• **Directions for this task**:
Return exactly the lines of the data below, from the one that contains "BELLA+CANVAS 3001 Unisex" through the final line, and leave out every picture.

++++ Dataset section ++++

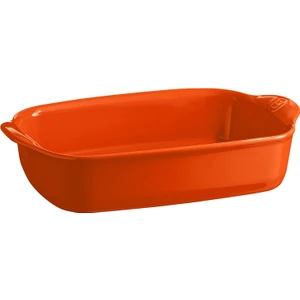 Emile Henry Tart Börek Fırın Kabı Dikdörtgen 22 x 14,5 cm Turuncu/toscane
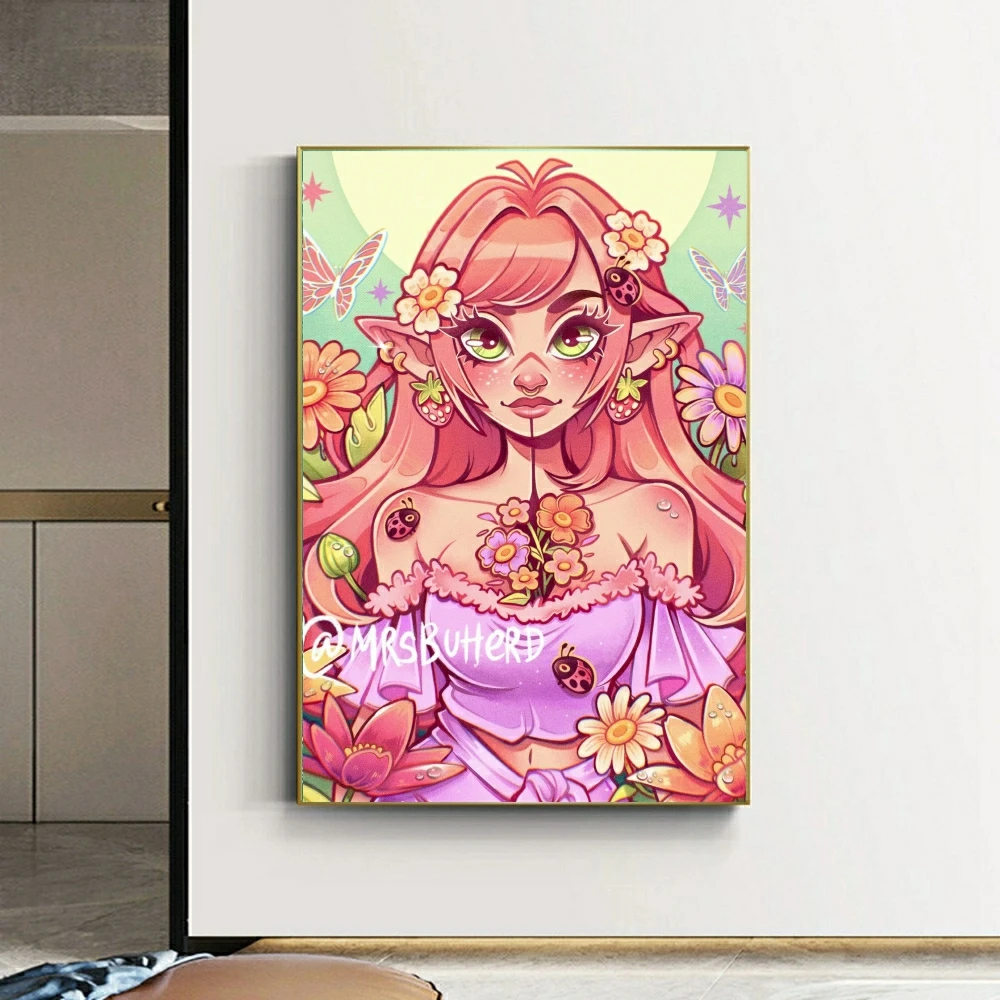 Fairy Elf Beauty Diamond Painting Cross Stitch Mosaic Embroidery Home Decor 5D DIY Art Set Canvas Drawing Puzzle Children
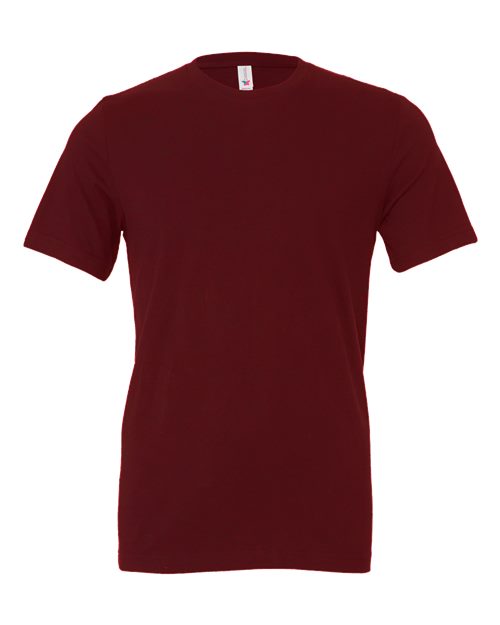 BELLA+CANVAS 3001 Unisex Jersey T-Shirt in Maroon
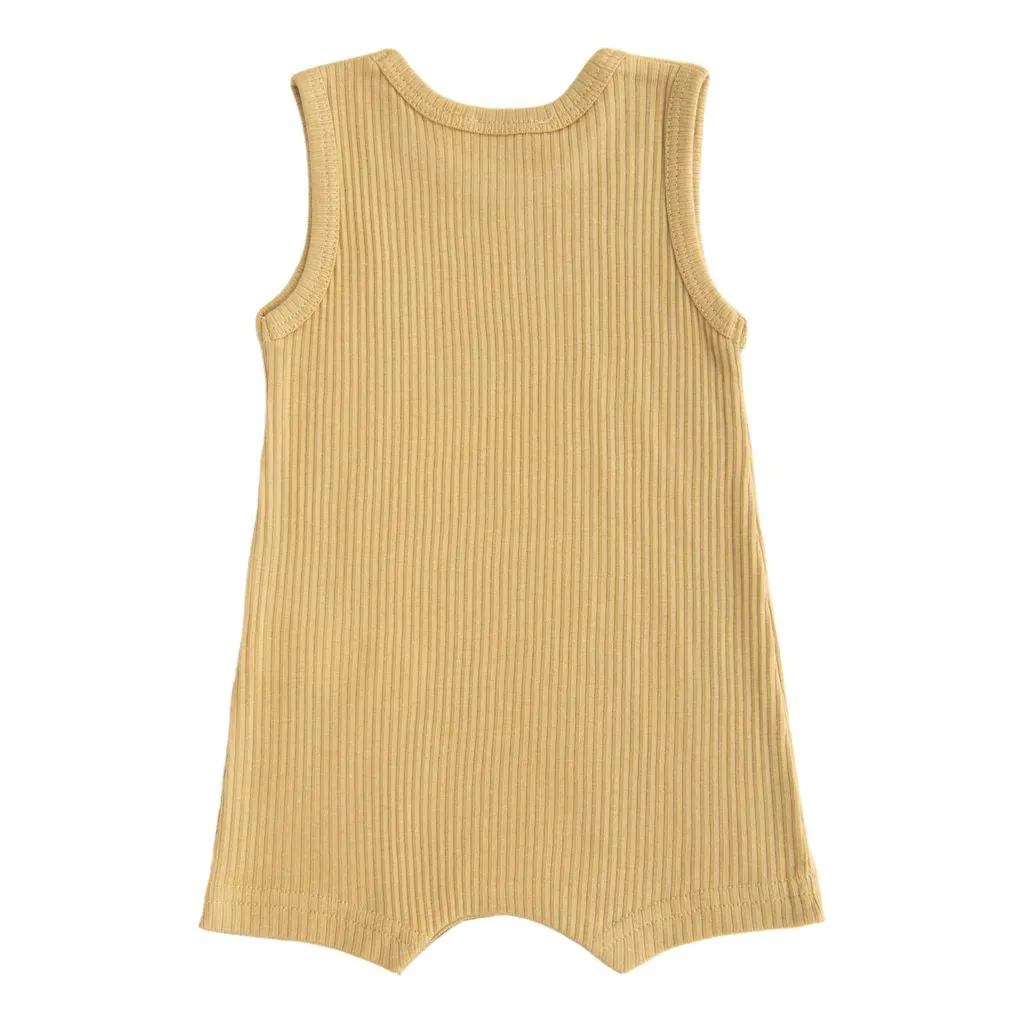 Yellow Dandelion Sleeveless Modal Shortie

++++

• **Answer**:
 BELLA+CANVAS 3001 Unisex Jersey T-Shirt in Maroon
 Yellow Dandelion Sleeveless Modal Shortie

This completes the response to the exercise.